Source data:
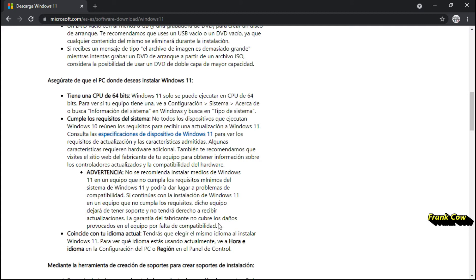La garantía del fabricante no cubre los daños provocados en el equipo por falta de compatibilidad. Por parte de compatibilidad, nos puede dañar el disco duro, el procesador, la tarjeta gráfica — nos puede echar a perder nuestra PC.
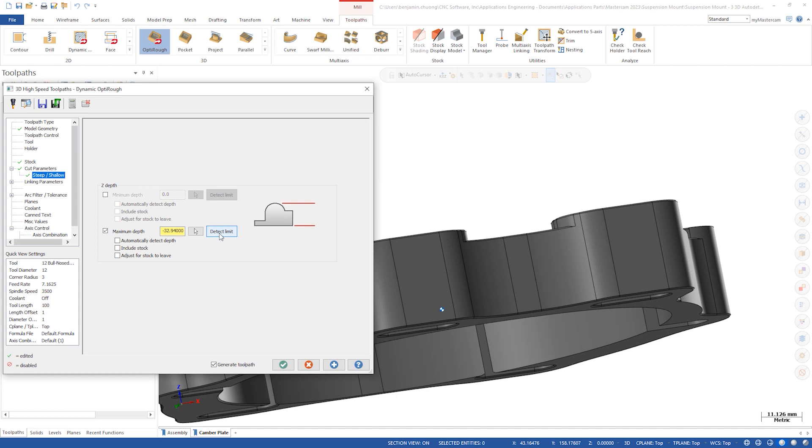Underneath that there are a few more checkboxes. Automatically Detect Depth will detect the Z limits every time the toolpath is processed. If you make a change to your geometry selection the Z limit will be updated if this checkbox is enabled.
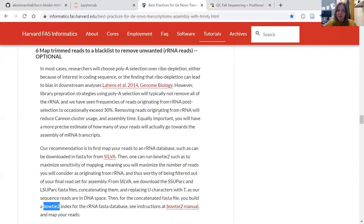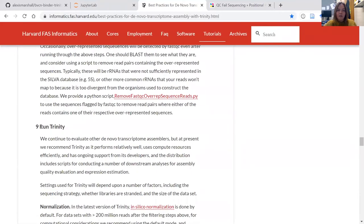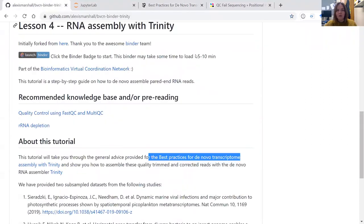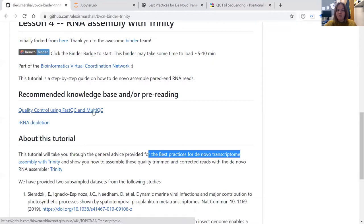We're then going to run Trinity very quickly with its base requirements, and I'll show you how to run initial statistics on the assembly to see what the average read length generated was. If we go back to the BVCN page, you'll see links to previous lessons on how to run FastQC, MultiQC, and also the SortMeRNA tutorial. I highly recommend watching these if you are new to this type of analysis.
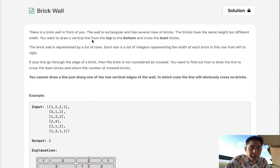Welcome to April's LeetCode Challenge. Today's problem is Brick Wall. There is a brick wall in front of you.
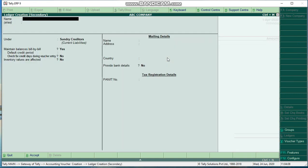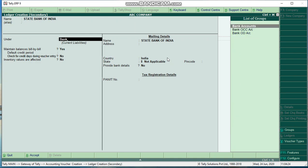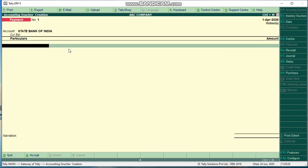Suppose I am doing the payment from my SBI bank account, so I have to create a ledger. I'll press Alt+C on my keyboard — this is the shortcut to create a ledger directly on screen. Alt+C has been pressed, so the ledger creation mode has appeared. I'll enter 'State Bank of India' as the ledger name under the Bank Accounts group. The account number is 31948017225, and the IFSC code is SBIN0001840. Branch: I'm taking Spark Street.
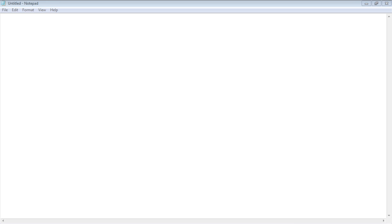So in this video, we're going to create our very first web page using HTML. Now web browsers can display a lot of different documents — it's not just HTML. They can display SVG files, XML files. So the very first thing we have to do is tell the browser what type of file this is, and we do that by using the DOCTYPE declaration.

EXERCISE OBJECTIVE:
Quote every record above exactly, leaving out any pictures.

REPLY:
La garantía del fabricante no cubre los daños provocados en el equipo por falta de compatibilidad. Por parte de compatibilidad, nos puede dañar el disco duro, el procesador, la tarjeta gráfica — nos puede echar a perder nuestra PC.
Underneath that there are a few more checkboxes. Automatically Detect Depth will detect the Z limits every time the toolpath is processed. If you make a change to your geometry selection the Z limit will be updated if this checkbox is enabled.
We're then going to run Trinity very quickly with its base requirements, and I'll show you how to run initial statistics on the assembly to see what the average read length generated was. If we go back to the BVCN page, you'll see links to previous lessons on how to run FastQC, MultiQC, and also the SortMeRNA tutorial. I highly recommend watching these if you are new to this type of analysis.
Welcome to April's LeetCode Challenge. Today's problem is Brick Wall. There is a brick wall in front of you.
Suppose I am doing the payment from my SBI bank account, so I have to create a ledger. I'll press Alt+C on my keyboard — this is the shortcut to create a ledger directly on screen. Alt+C has been pressed, so the ledger creation mode has appeared. I'll enter 'State Bank of India' as the ledger name under the Bank Accounts group. The account number is 31948017225, and the IFSC code is SBIN0001840. Branch: I'm taking Spark Street.
So in this video, we're going to create our very first web page using HTML. Now web browsers can display a lot of different documents — it's not just HTML. They can display SVG files, XML files. So the very first thing we have to do is tell the browser what type of file this is, and we do that by using the DOCTYPE declaration.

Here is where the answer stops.